A Clinical Dilemma of Medical Treatment

Qin, Xue1; Zhang, Bo2,

doi: 10.4103/0366-6999.157704

1Department of Neurology, Shenyang First People's Hospital, Shenyang, Liaoning 110041, China

2Department of Cardiology, First Affiliated Hospital of Dalian Medical University, Dalian, Liaoning 116011, China

Address for correspondence: Dr. Bo Zhang, Department of Cardiology, First Affiliated Hospital of Dalian Medical University, Dalian, Liaoning 116011, China E-Mail:

Received February 25, 2015

To the Editor: Little is known about the management of acute myocardial infarction in patient with heparin-induced thrombocytopenia (HIT), especially after the primary percutaneous coronary intervention (PCI). We present a case of intracerebral hemorrhage (ICH) in the left temporal lobe after PCI.

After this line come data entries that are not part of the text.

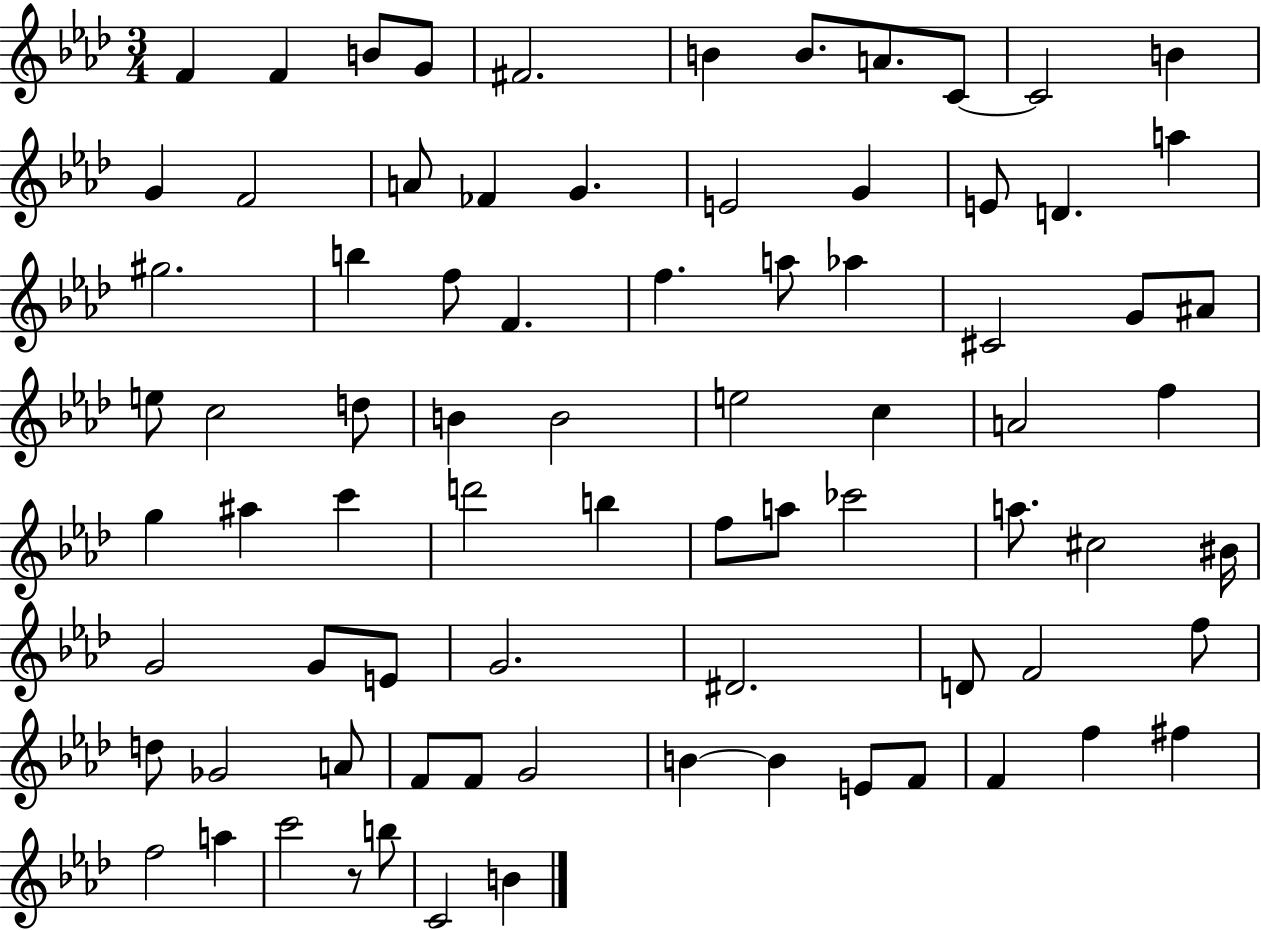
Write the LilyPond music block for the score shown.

{
  \clef treble
  \numericTimeSignature
  \time 3/4
  \key aes \major
  \repeat volta 2 { f'4 f'4 b'8 g'8 | fis'2. | b'4 b'8. a'8. c'8~~ | c'2 b'4 | \break g'4 f'2 | a'8 fes'4 g'4. | e'2 g'4 | e'8 d'4. a''4 | \break gis''2. | b''4 f''8 f'4. | f''4. a''8 aes''4 | cis'2 g'8 ais'8 | \break e''8 c''2 d''8 | b'4 b'2 | e''2 c''4 | a'2 f''4 | \break g''4 ais''4 c'''4 | d'''2 b''4 | f''8 a''8 ces'''2 | a''8. cis''2 bis'16 | \break g'2 g'8 e'8 | g'2. | dis'2. | d'8 f'2 f''8 | \break d''8 ges'2 a'8 | f'8 f'8 g'2 | b'4~~ b'4 e'8 f'8 | f'4 f''4 fis''4 | \break f''2 a''4 | c'''2 r8 b''8 | c'2 b'4 | } \bar "|."
}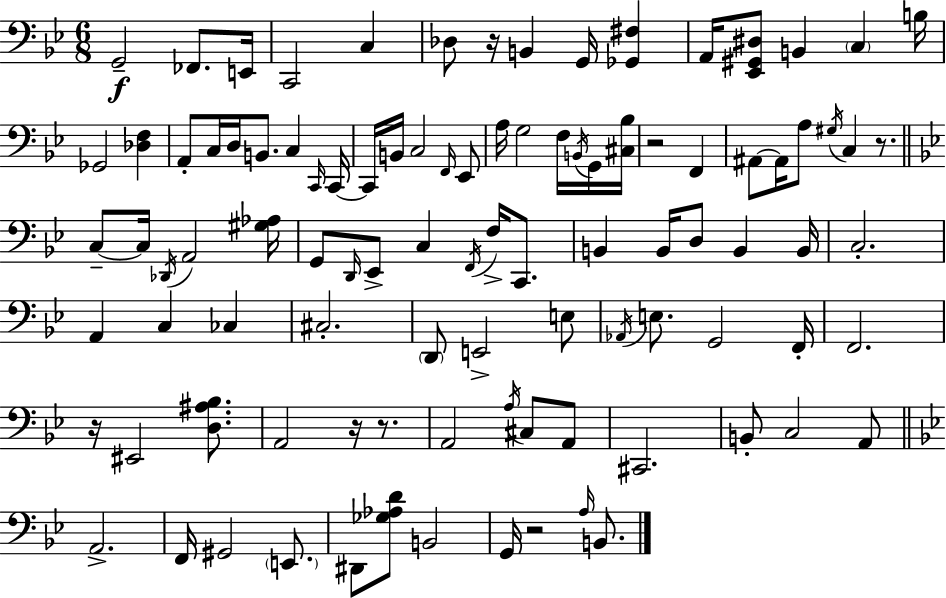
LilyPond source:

{
  \clef bass
  \numericTimeSignature
  \time 6/8
  \key bes \major
  g,2--\f fes,8. e,16 | c,2 c4 | des8 r16 b,4 g,16 <ges, fis>4 | a,16 <ees, gis, dis>8 b,4 \parenthesize c4 b16 | \break ges,2 <des f>4 | a,8-. c16 d16 b,8. c4 \grace { c,16 } | c,16~~ c,16 b,16 c2 \grace { f,16 } | ees,8 a16 g2 f16 | \break \acciaccatura { b,16 } g,16 <cis bes>16 r2 f,4 | ais,8~~ ais,16 a8 \acciaccatura { gis16 } c4 | r8. \bar "||" \break \key bes \major c8--~~ c16 \acciaccatura { des,16 } a,2 | <gis aes>16 g,8 \grace { d,16 } ees,8-> c4 \acciaccatura { f,16 } f16-> | c,8. b,4 b,16 d8 b,4 | b,16 c2.-. | \break a,4 c4 ces4 | cis2.-. | \parenthesize d,8 e,2-> | e8 \acciaccatura { aes,16 } e8. g,2 | \break f,16-. f,2. | r16 eis,2 | <d ais bes>8. a,2 | r16 r8. a,2 | \break \acciaccatura { a16 } cis8 a,8 cis,2. | b,8-. c2 | a,8 \bar "||" \break \key bes \major a,2.-> | f,16 gis,2 \parenthesize e,8. | dis,8 <ges aes d'>8 b,2 | g,16 r2 \grace { a16 } b,8. | \break \bar "|."
}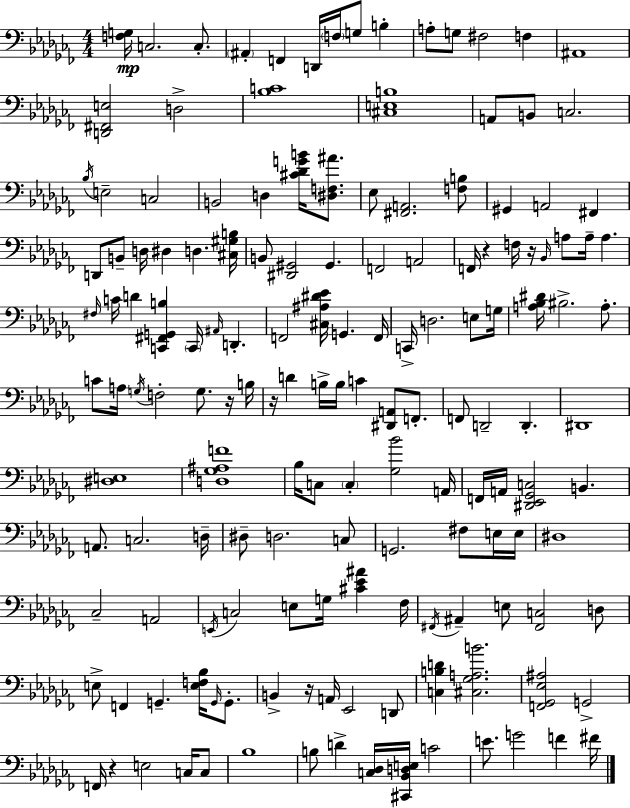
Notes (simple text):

[F3,G3]/s C3/h. C3/e. A#2/q F2/q D2/s F3/s G3/e B3/q A3/e G3/e F#3/h F3/q A#2/w [D2,F#2,E3]/h D3/h [Bb3,C4]/w [C#3,E3,B3]/w A2/e B2/e C3/h. Bb3/s E3/h C3/h B2/h D3/q [C#4,Db4,G4,B4]/s [D#3,F3,A#4]/e. Eb3/e [F#2,A2]/h. [F3,B3]/e G#2/q A2/h F#2/q D2/e B2/e D3/s D#3/q D3/q. [C#3,G#3,B3]/s B2/e [D#2,G#2]/h G#2/q. F2/h A2/h F2/s R/q F3/s R/s Bb2/s A3/e A3/s A3/q. F#3/s C4/s D4/q [C2,F#2,G2,B3]/q C2/s A#2/s D2/q. F2/h [C#3,A#3,D#4,Eb4]/s G2/q. F2/s C2/s D3/h. E3/e G3/s [A3,Bb3,D#4]/s BIS3/h. A3/e. C4/e A3/s G3/s F3/h G3/e. R/s B3/s R/s D4/q B3/s B3/s C4/q [D#2,A2]/e F2/e. F2/e D2/h D2/q. D#2/w [D#3,E3]/w [D3,Gb3,A#3,F4]/w Bb3/s C3/e C3/q [Gb3,Bb4]/h A2/s F2/s A2/s [D#2,Eb2,Gb2,C3]/h B2/q. A2/e. C3/h. D3/s D#3/e D3/h. C3/e G2/h. F#3/e E3/s E3/s D#3/w CES3/h A2/h E2/s C3/h E3/e G3/s [C#4,Eb4,A#4]/q FES3/s F#2/s A#2/q E3/e [F#2,C3]/h D3/e E3/e F2/q G2/q. [E3,F3,Bb3]/s G2/s G2/e. B2/q R/s A2/s Eb2/h D2/e [C3,B3,D4]/q [C#3,Gb3,A3,B4]/h. [F2,Gb2,Eb3,A#3]/h G2/h F2/s R/q E3/h C3/s C3/e Bb3/w B3/e D4/q [C3,Db3]/s [C#2,Bb2,D3,E3]/s C4/h E4/e. G4/h F4/q F#4/s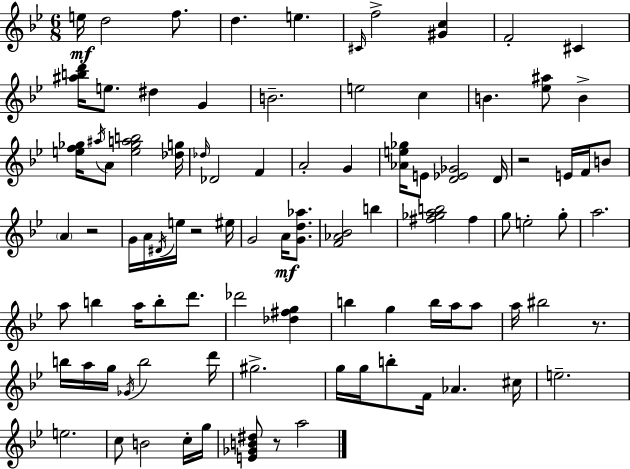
{
  \clef treble
  \numericTimeSignature
  \time 6/8
  \key bes \major
  e''16\mf d''2 f''8. | d''4. e''4. | \grace { cis'16 } f''2-> <gis' c''>4 | f'2-. cis'4 | \break <ais'' b'' d'''>16 e''8. dis''4 g'4 | b'2.-- | e''2 c''4 | b'4. <ees'' ais''>8 b'4-> | \break <e'' f'' ges''>16 \acciaccatura { ais''16 } a'8 <e'' ges'' a'' b''>2 | <des'' g''>16 \grace { des''16 } des'2 f'4 | a'2-. g'4 | <aes' e'' ges''>16 e'8 <d' ees' ges'>2 | \break d'16 r2 e'16 | f'16 b'8 \parenthesize a'4 r2 | g'16 a'16 \acciaccatura { dis'16 } e''16 r2 | eis''16 g'2 | \break a'16\mf <g' d'' aes''>8. <f' aes' bes'>2 | b''4 <fis'' ges'' a'' b''>2 | fis''4 g''8 e''2-. | g''8-. a''2. | \break a''8 b''4 a''16 b''8-. | d'''8. des'''2 | <des'' fis'' g''>4 b''4 g''4 | b''16 a''16 a''8 a''16 bis''2 | \break r8. b''16 a''16 g''16 \acciaccatura { ges'16 } b''2 | d'''16 gis''2.-> | g''16 g''16 b''8-. f'16 aes'4. | cis''16 e''2.-- | \break e''2. | c''8 b'2 | c''16-. g''16 <e' ges' b' dis''>8 r8 a''2 | \bar "|."
}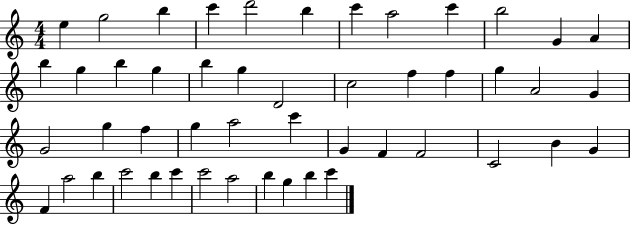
X:1
T:Untitled
M:4/4
L:1/4
K:C
e g2 b c' d'2 b c' a2 c' b2 G A b g b g b g D2 c2 f f g A2 G G2 g f g a2 c' G F F2 C2 B G F a2 b c'2 b c' c'2 a2 b g b c'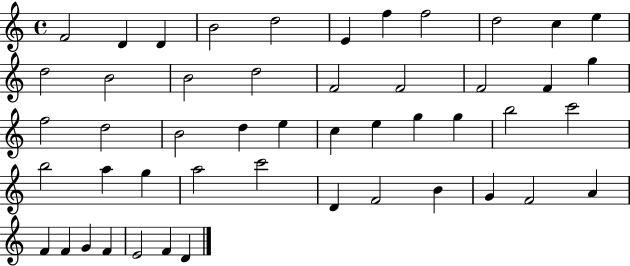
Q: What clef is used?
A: treble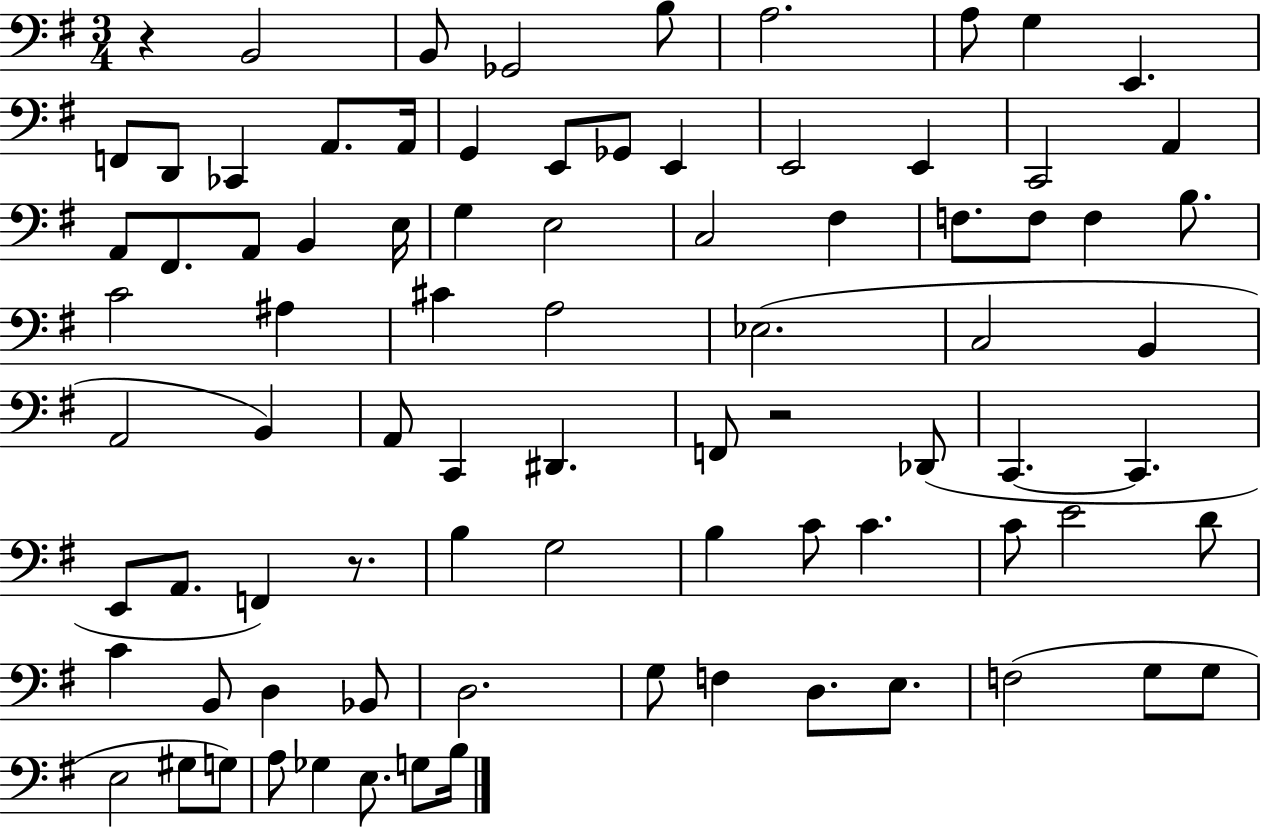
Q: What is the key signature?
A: G major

An 81-year-old man was admitted to our hospital who complained of severe chest pain for 24 h, with sweating and weakness. Coronary risk factors included hypertension, diabetes, and smoking. Physical examination revealed a barrel chest and a dramatic decrease in breath sounds throughout the chest. Electrocardiography on admission revealed a marked ST segment elevation and T-wave changes in leads II, III, aVF and V7–V9. The diagnosis was acute ST-elevation myocardial infarction (STEMI), inferior and posterior. Complete blood count analysis was as follows: Hemoglobin 116 g/L, red blood cell count 3.94 × 1012/L, white blood cells 3.35 × 109/L, and thrombocytes 104 × 109/L. Other initial laboratory tests revealed normal clotting screen, electrolytes, serum urea and creatinine. Oral aspirin and clopidogrel, 300 mg each, were given immediately. During the hospital stay, the patient was given oral treatment with aspirin, 300 mg/d with reduced dosage, 100 mg/d, 3 days later; 75 mg/d clopidogrel and hypodermic injection 60 mg enoxaparin twice daily. One week later elective PCI was done for him. During PCI procedure, total 8000 unit unfractionated heparin (UFH) was used. The patient recovered well in the next day. One day after PCI, he was found to have erythematous skin lesions and purpura on physical examination with complaints of body itching. Urgent Laboratory tests revealed thrombocytopenia with a platelet count of 6 × 109/L and a repeat platelet count after 3 h was 7 × 109/L. HIT was diagnosed because there was no other cause for the platelet count fall. Low molecular weight heparin was discontinued, and dual antiplatelet therapy (aspirin and clopidogrel) was not discontinued. Platelet count increased gradually to 10 × 109/L 48 h later but stabilized at 88 × 109/L 5 days after PCI, and purpura disappeared gradually. However, he complained of severe headache 4 days after PCI. A noncontrast computed tomogram (CT) of the brain disclosed intracranial hemorrhage measuring 20 mm × 11 mm in the left temporal lobe [Figure 1a]. After consultation with the neurologist, no special treatment was done for this patient because of small intracranial hemorrhage. There was no headache or neurologic signs and symptoms 10 days after PCI. Follow-up CT brain obtained on the 50th day revealed the disappearance of hematoma [Figure 1b].

Figure 1

Figure 1

To our knowledge, there were few reports of ICH due to HIT after PCI. We report a very rare case of HIT resulting in ICH after PCI, which challenged clinical decision-making. Despite bleeding complications remain very rare, ICH occurred due to HIT in our patient. Without thromboembolic complications, the patient was diagnosed as HIT type I. In patients with HIT, heparin should be avoided to prevent recurrent HIT and PCI should be performed using alternative anticoagulants including direct thrombin inhibitors without cross-reactivity with HIT antibodies, such as argatroban, bivalirudin, and hirudin. No platelet transfusions in our patient may be appropriate after concerns about increased risk of thrombotic events in case of gradually increased platelet count. Platelet transfusions are relatively contraindicated in HIT since they can precipitate thrombotic complications due to the high concentrations of antigen platelet factor 4 in platelets.[1]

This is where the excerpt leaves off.